LEI DA TERCEIRIZAÇÃO – ENTENDA A NOVA PROPOSTA

A nova lei permite contratar serviços terceirizados em qualquer tipo de atividade

 

No dia 31 de março, o presidente Michel Temer sancionou, com três vetos, a lei nº 13.429/2017 – a chamada Lei da Terceirização. A proposta foi aprovada com 231 votos a favor, 188 contra e 8 abstenções – ato de se negar ou se eximir de fazer opções políticas – dias antes, em 22 de março, na Câmara dos Deputados.

A primeira versão da proposta já havia sido enviada ao Congresso em 1998, durante a gestão de Fernando Henrique Cardoso e após ser aprovada pela Câmara, sofreu alterações no Senado e voltou à Câmara. Desde 2002, o texto aguardava a análise final dos deputados.

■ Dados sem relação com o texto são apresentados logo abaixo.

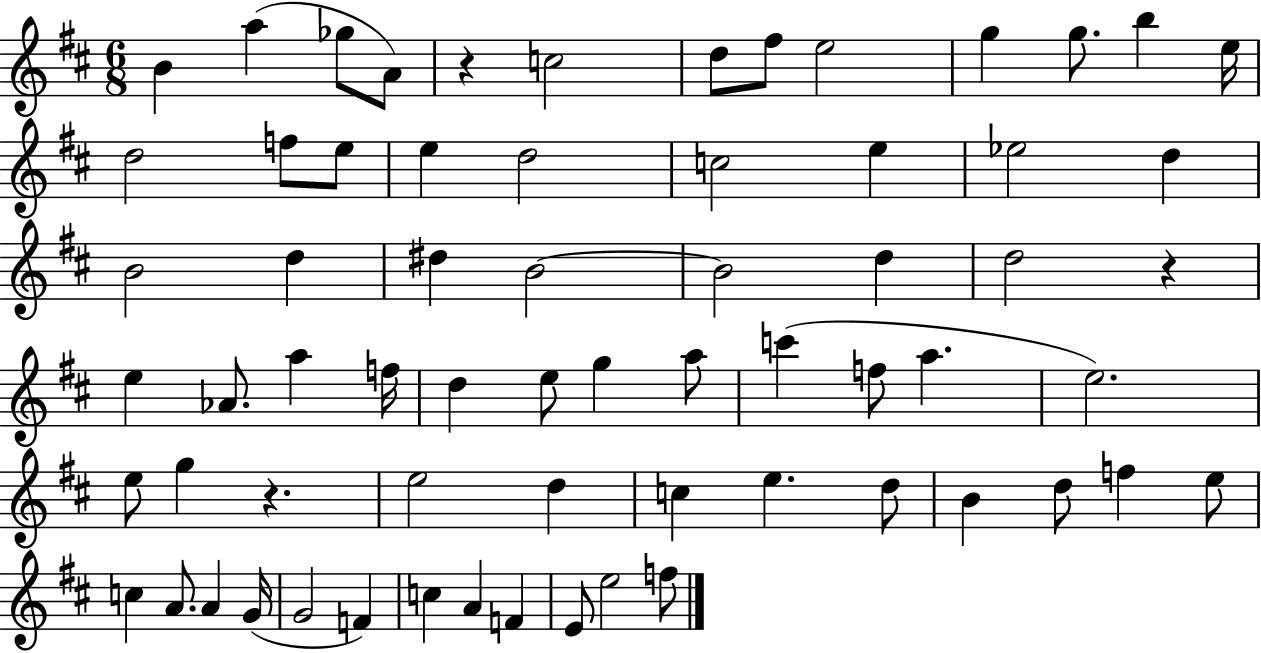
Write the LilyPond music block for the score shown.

{
  \clef treble
  \numericTimeSignature
  \time 6/8
  \key d \major
  b'4 a''4( ges''8 a'8) | r4 c''2 | d''8 fis''8 e''2 | g''4 g''8. b''4 e''16 | \break d''2 f''8 e''8 | e''4 d''2 | c''2 e''4 | ees''2 d''4 | \break b'2 d''4 | dis''4 b'2~~ | b'2 d''4 | d''2 r4 | \break e''4 aes'8. a''4 f''16 | d''4 e''8 g''4 a''8 | c'''4( f''8 a''4. | e''2.) | \break e''8 g''4 r4. | e''2 d''4 | c''4 e''4. d''8 | b'4 d''8 f''4 e''8 | \break c''4 a'8. a'4 g'16( | g'2 f'4) | c''4 a'4 f'4 | e'8 e''2 f''8 | \break \bar "|."
} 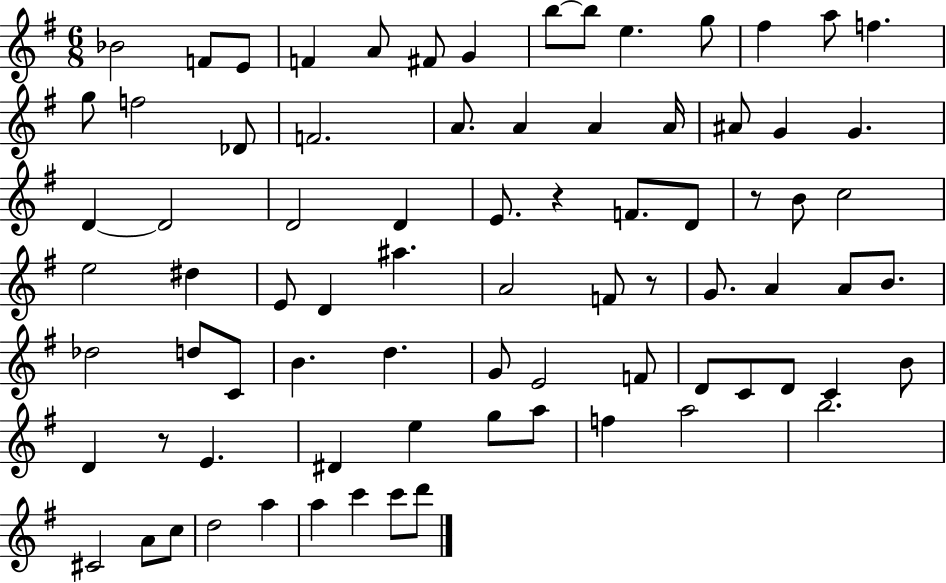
X:1
T:Untitled
M:6/8
L:1/4
K:G
_B2 F/2 E/2 F A/2 ^F/2 G b/2 b/2 e g/2 ^f a/2 f g/2 f2 _D/2 F2 A/2 A A A/4 ^A/2 G G D D2 D2 D E/2 z F/2 D/2 z/2 B/2 c2 e2 ^d E/2 D ^a A2 F/2 z/2 G/2 A A/2 B/2 _d2 d/2 C/2 B d G/2 E2 F/2 D/2 C/2 D/2 C B/2 D z/2 E ^D e g/2 a/2 f a2 b2 ^C2 A/2 c/2 d2 a a c' c'/2 d'/2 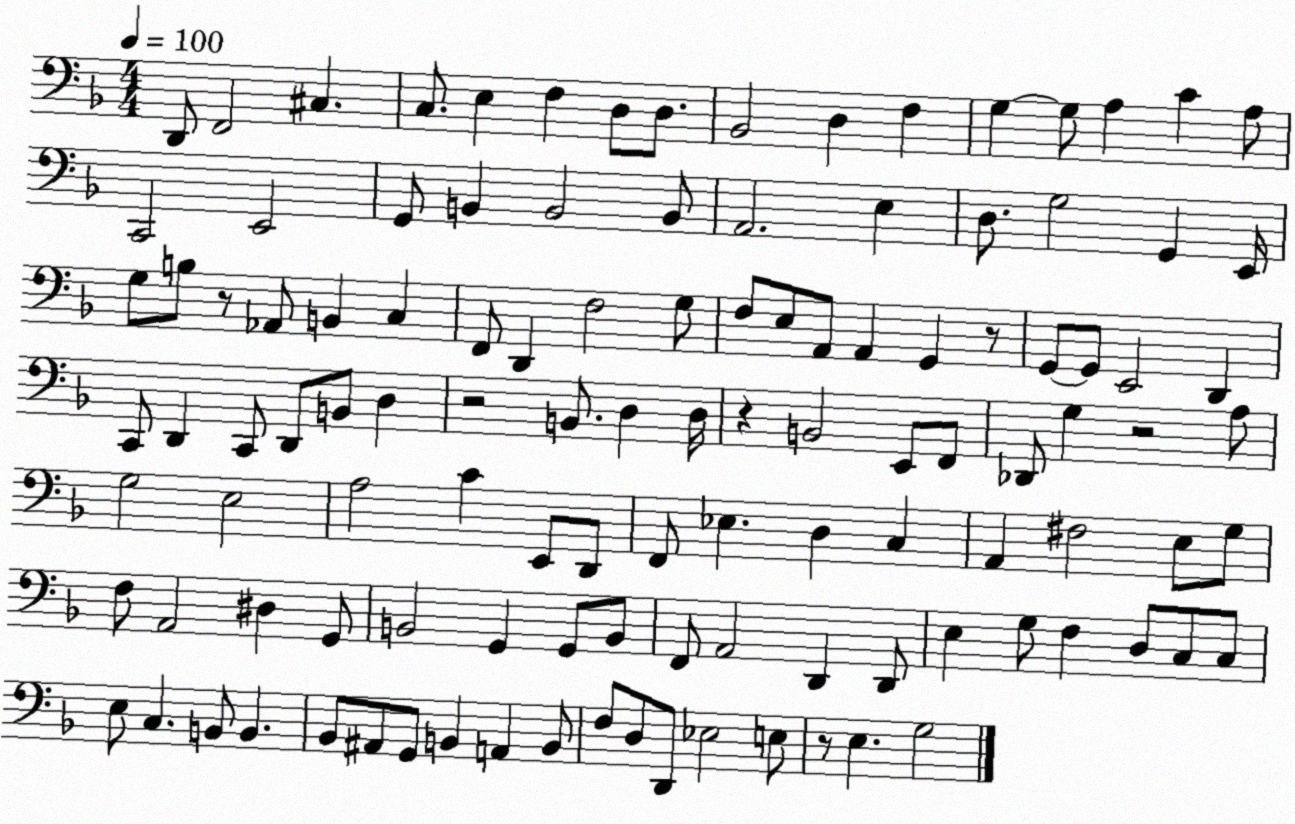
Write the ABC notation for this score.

X:1
T:Untitled
M:4/4
L:1/4
K:F
D,,/2 F,,2 ^C, C,/2 E, F, D,/2 D,/2 _B,,2 D, F, G, G,/2 A, C A,/2 C,,2 E,,2 G,,/2 B,, B,,2 B,,/2 A,,2 E, D,/2 G,2 G,, E,,/4 G,/2 B,/2 z/2 _A,,/2 B,, C, F,,/2 D,, F,2 G,/2 F,/2 E,/2 A,,/2 A,, G,, z/2 G,,/2 G,,/2 E,,2 D,, C,,/2 D,, C,,/2 D,,/2 B,,/2 D, z2 B,,/2 D, D,/4 z B,,2 E,,/2 F,,/2 _D,,/2 G, z2 A,/2 G,2 E,2 A,2 C E,,/2 D,,/2 F,,/2 _E, D, C, A,, ^F,2 E,/2 G,/2 F,/2 A,,2 ^D, G,,/2 B,,2 G,, G,,/2 B,,/2 F,,/2 A,,2 D,, D,,/2 E, G,/2 F, D,/2 C,/2 C,/2 E,/2 C, B,,/2 B,, _B,,/2 ^A,,/2 G,,/2 B,, A,, B,,/2 F,/2 D,/2 D,,/2 _E,2 E,/2 z/2 E, G,2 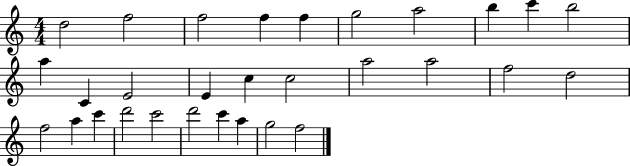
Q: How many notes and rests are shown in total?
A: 30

A nova lei em vigor permitirá que as empresas terceirizem não só a mão de obra de quem executa atividades-meio – aquelas que contribuem para a realização de tarefas de outros funcionários e que eram as únicas permitidas terceirizar – como também dos que trabalham como atividades-fim – principal área de atuação de uma empresa. Sendo assim, uma pizzaria, por exemplo, poderá terceirizar tanto profissionais como entregadores de pizza (atividade-meio), quanto pizzaiolos (atividade-fim).

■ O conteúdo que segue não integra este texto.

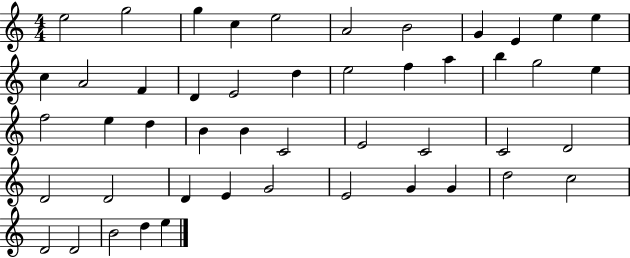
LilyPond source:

{
  \clef treble
  \numericTimeSignature
  \time 4/4
  \key c \major
  e''2 g''2 | g''4 c''4 e''2 | a'2 b'2 | g'4 e'4 e''4 e''4 | \break c''4 a'2 f'4 | d'4 e'2 d''4 | e''2 f''4 a''4 | b''4 g''2 e''4 | \break f''2 e''4 d''4 | b'4 b'4 c'2 | e'2 c'2 | c'2 d'2 | \break d'2 d'2 | d'4 e'4 g'2 | e'2 g'4 g'4 | d''2 c''2 | \break d'2 d'2 | b'2 d''4 e''4 | \bar "|."
} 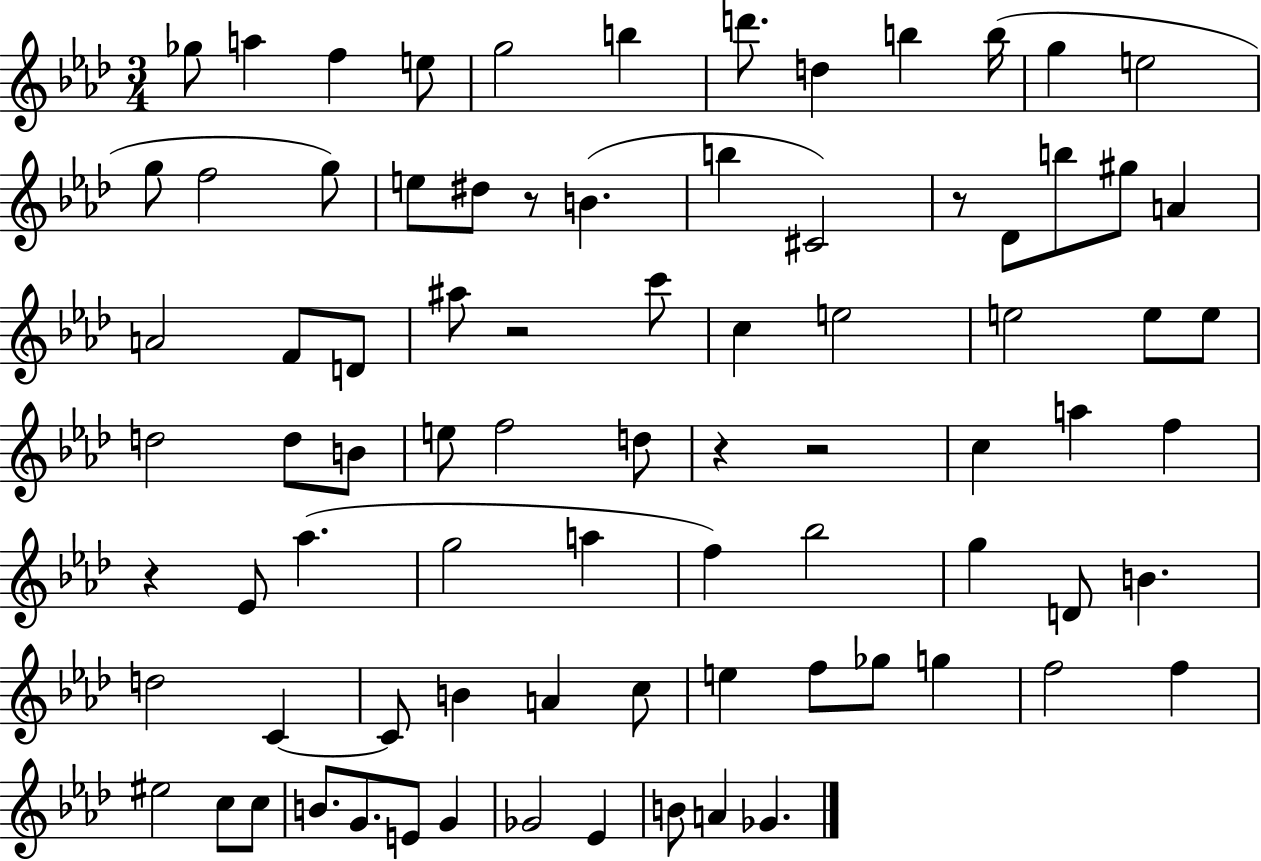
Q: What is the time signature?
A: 3/4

Em outras palavras, a relação entre funcionário e empresa terá uma reviravolta, já que a contratação e o pagamento não serão mais responsabilidade do empresário, e sim, de uma empresa prestadora de serviços, a qual disponibiliza mão de obra para contratantes.

Veja tabela abaixo:

COMO ERA

  • Não havia uma lei específica. O que existia era uma interpretação do TST (Tribunal Superior do Trabalho) que vedava a terceirização da atividade-fim e permitia a contratação para atividade-meio;


Nessa corrente de incertezas que virou o mercado de trabalho e toda essa discussão sobre terceirização e precarização de serviços, novas possibilidades de trabalho vem surgindo e ganhando cada vez mais espaço, possibilitando que as pessoas tenham mais autonomia na hora de escolher a sua área ou começarem uma nova carreira.



  • A empresa prestadora de serviços era responsável pelas normas de higiene e segurança do trabalho, tal como fornecimento de EPI’s – equipamento de proteção individual.

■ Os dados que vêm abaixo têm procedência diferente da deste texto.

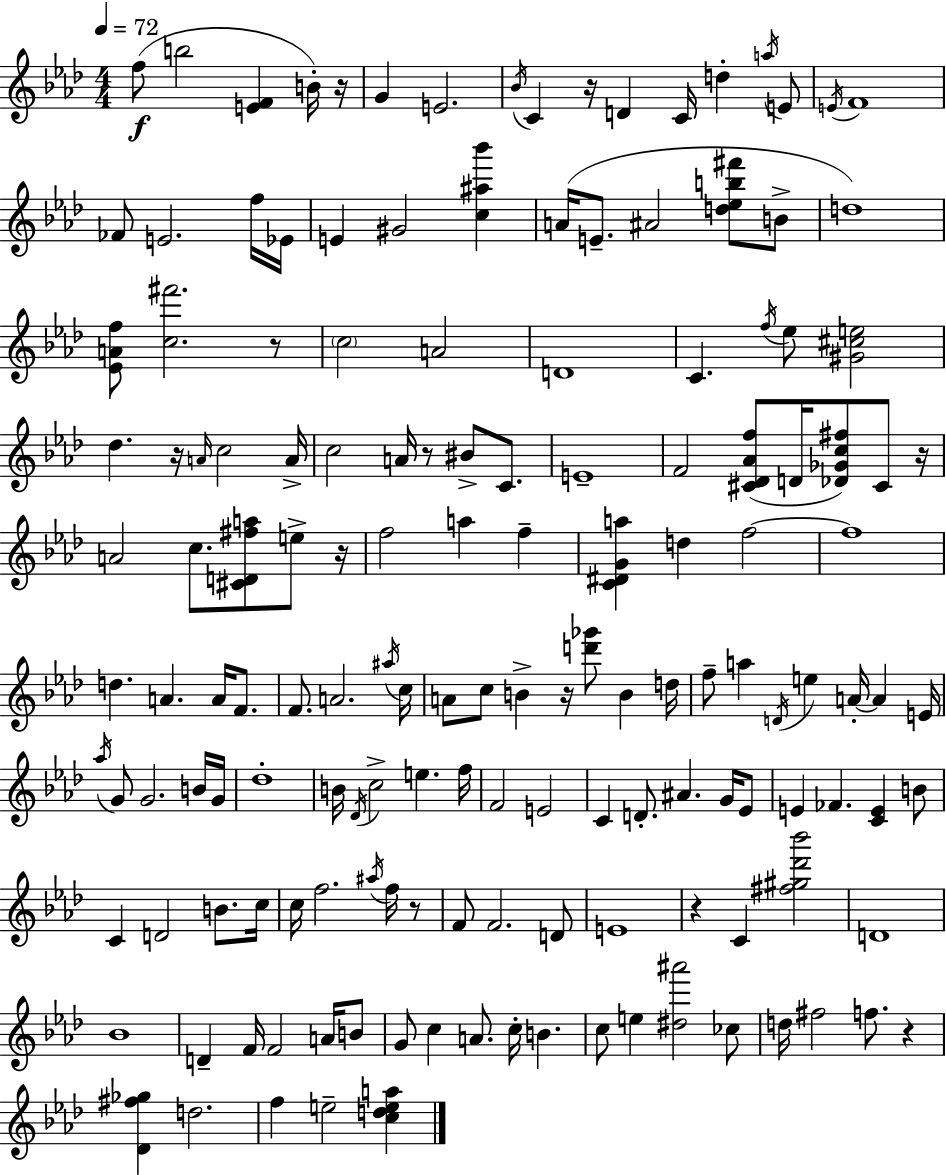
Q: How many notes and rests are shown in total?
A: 154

  • A empresa contratante era subsidiariamente responsável pelas obrigações trabalhistas – salvo se comprovada a intermediação fraudulenta da mão-de-obra que, eventualmente, não possuem arcadas pela prestadora de serviço terceirizada;


  • As empresas prestadoras de serviços a terceiros não tinham exigência de um capital social mínimo.


COMO FICOU

  • Liberação irrestrita da terceirização de todas as atividades, exceto as que possuem leis especiais e próprias. Não há formação de vínculo de emprego;


  • A tomadora de serviços é a responsável pelo fornecimento de EPI’s aos empregados terceirizados podendo ou não fornecer as mesmas condições médicas, ambulatoriais e de refeição destinados aos empregados próprios;


  • Pela nova lei da terceirização a empresa contratante responde de forma subsidiária na justiça.


  • Agora é necessário que a pessoa comprove um capital social mínimo conforme previsto na lei. O valor do capital social da empresa determina o montante da responsabilidade dos sócios perante credores e terceiros, incluindo funcionários.


PRÓS E CONTRAS

Mas afinal, a Lei da Terceirização é uma boa medida?

Para a Federação do Comércio de Bens Serviços e Turismo do Estado de São Paulo, a FecomércioSP, a “terceirização é uma realidade mundial e peça fundamental na organização produtiva da economia”.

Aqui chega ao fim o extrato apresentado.